To deal with the last bit, i propose the following:

while there are more cleaners to run
    run all remaining cleaners in parallel against the current doc.
        when this finishes, attempt to combine the text changes, producing the 'current doc'.
           for any cleaners that succeed, remove from the list of cleaners.
           for any that fail, keep in the list.

Effectively, we optimistically run as much as we can in parallel. Then, we use as much of the results as we can. For the results we can't merge, we just rerun that set in parallel, and then merge as much of that as we can.

Optimistically you only run this once. Pessimistically, you need to run N times. My guess is in practice it will be anywhere from 1-3 times.

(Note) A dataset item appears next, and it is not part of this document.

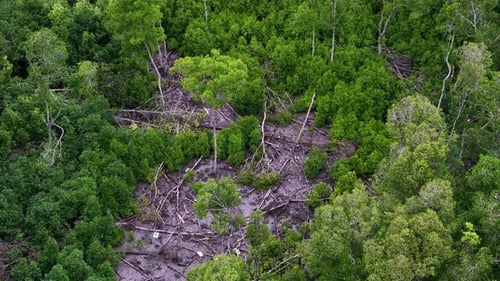 Forest with a lot of trees and a lot of debris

CyrusNajmabadi on 20 Jun 2018

@CyrusNajmabadi Yes that's a great idea. Above, when I ran into this, I just wanted to format the braces I just added.

davkean on 20 Jun 2018

while there are more cleaners to run...

If two cleaners change (nearly) the same location, causing a conflict, wouldn't that result in an endless loop?

bkoelman on 20 Jun 2018

@bkoelman > If two cleaners change (nearly) the same location, causing a conflict, wouldn't that result in an endless loop?

No. Because we'll always take at least one of them. It's not "if cleaner A conflicts with anything, do not use it", it's:

have current-doc. apply cleaner 1's fixes to it. then try to apply cleaner 2's fixes, then cleaner 3... up to cleaner N's fixes." 'cleaner 1' will always succeed in applying its change.

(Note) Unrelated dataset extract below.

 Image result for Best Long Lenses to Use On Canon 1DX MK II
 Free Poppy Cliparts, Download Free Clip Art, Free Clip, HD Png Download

That's why the worst case is this happens N times. However, my opinion (which should be validated in practice) is that you'll only have a tiny handful of conflicts, leading to at most 3 passes, with each pass culling the list greatly.

CyrusNajmabadi on 20 Jun 2018

👍1

I have a PR for this here: https://github.com/dotnet/roslyn/pull/28029

CyrusNajmabadi on 20 Jun 2018

@davkean does it take 20 seconds every single time? or just the first time when it has something to change?

heejaechang on 21 Jun 2018

It was the same time every time it ran, even if nothing changed.

davkean on 21 Jun 2018

I bet it is due to "remove unnecessary cast" code transformation. can you turn that off and run?

heejaechang on 21 Jun 2018

@heejaechang Turning off "remove unnecessary cast" had barely any effect on my perf run. It shaved off maybe a few seconds.

CyrusNajmabadi on 21 Jun 2018

@jinujoseph from the conversation over in https://github.com/dotnet/roslyn/pull/28029, it's clear there are several problems here.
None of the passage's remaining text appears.